Asynchronous recognition, suitable for recognizing audio and video recordings.

Main actions:
1. Upload the file for recognition via HTTP protocol to our repository.
2. Run the recognition task: in the request, pass the name of the downloaded file and the recognition parameters. The response will contain the recognized text.

File upload code:

curl https://yazapishu.ru/api/upload.php \
--header "Authorization: <api_token>" \
-F "upload=@<file_name>"


where:
api_token - unique user identifier. Issued after registration. Used for authorization.
file_name - the name of your file to recognize (may contain the path to your file).


Recognition launch code:

curl https://yazapishu.ru/api.php \
--header "Authorization: <api_token>" \
--header "Content-Type: application/json" \
--data '{
"audio_name": "<file_name>",
"language": "<language_cod>"
}'


List of additional parameters:
file_name - the name of the uploaded file for recognition (only the name of your file with the extension.

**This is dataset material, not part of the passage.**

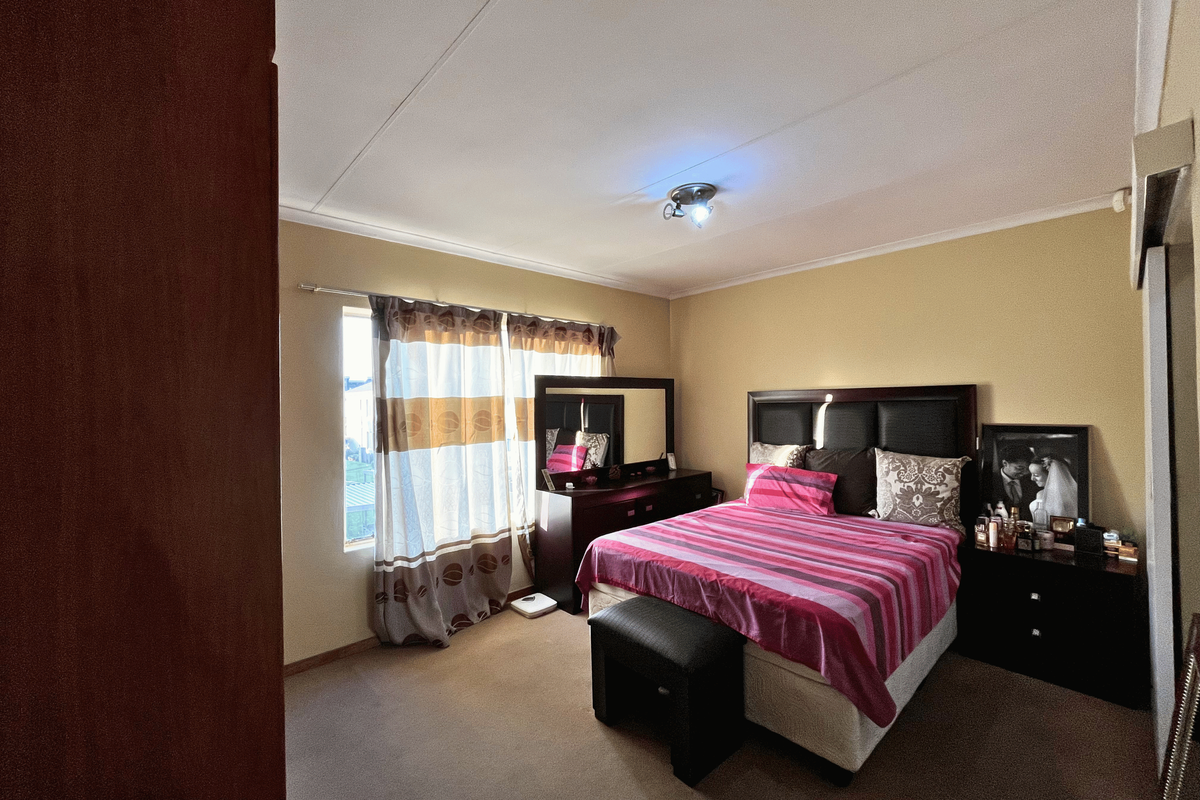 A standard bedroom featuring carpeted flooring, a built-in cupboard, and neutral wall tones, offering a functional and comfortable living space.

Example : audio1.mp3).
"language": "<language_cod>" - language recognition
"speaker": "-l" - split text into speakers
"timecod": "yes" - specify timecodes in text
"json": "yes" - get data in JSON format


Available recognition languages:
Russian - ru, English - en , English – British - en_uk, English – American - en_us, English – Australian - en_au, Spanish - es , Italian - it , Chinese - zh , Korean - ko , German - de , Dutch - nl , Polish - pl , Portuguese - pt , Turkish - tr , French - fr , Finnish - fi , Japanese - ja
Example parameter: "language": "ru"



Getting data in Json format


Recognition launch code:


curl https://yazapishu.ru/api.php \
--header "Authorization: <api_token>" \
--header "Content-Type: application/json" \
--data '{
"audio_name": "<file_name>",
"language": "<language_cod>",
"json": "yes"
}'


The results contain the entire recognized text, the text divided by parameters, and a list of recognized words.

The response will be data in JSON format, where:


Key Type Description
text string Transcript audio file .
words array An array containing information about each word
utterances array Array containing speakers' statements
utterances[i].speaker string Statement of a specific speaker
words[i].text string Text of the i-th word in the transcript
words[i].start number The beginning of the pronunciation of this word in the audio file, in milliseconds.
words[i].end number The end of the pronunciation of this word in the audio file, in milliseconds.
words[i].confidence number Reliability assessment for decoding the i-th word
words[i].speaker string If the "Speaker Separation" feature is enabled, then the speaker who uttered the i-th word
status string Status recognition : completed or error
audio_duration number Audio Duration
id number Current recognition identifier


Request for completed recognitions by ID:


curl https://yazapishu.ru/api/api_request.php \
--header "Authorization: <api_token>" \
--header "Content-Type: application/json" \
--data '{
"id": "<id>"
}'


Example of performing recognition in the SHELL command shell:


audio='myspeech.mp3'

curl https://yazapishu.ru/api/upload.php \
--header "Authorization: 773fec3ac285bc7c9e9951ef7f7ddad8" \
-F "upload=@$audio"

text=$(curl https://yazapishu.ru/api.php \
--header "Authorization: 773fec3ac285bc7c9e9951ef7f7ddad8" \
--header "Content-Type: application/json" \
--data '{
"audio_name": "'$audio'",
"language": "en",
"speaker": "-l",
"json": "yes"
}')


printf '%s\n' "$text"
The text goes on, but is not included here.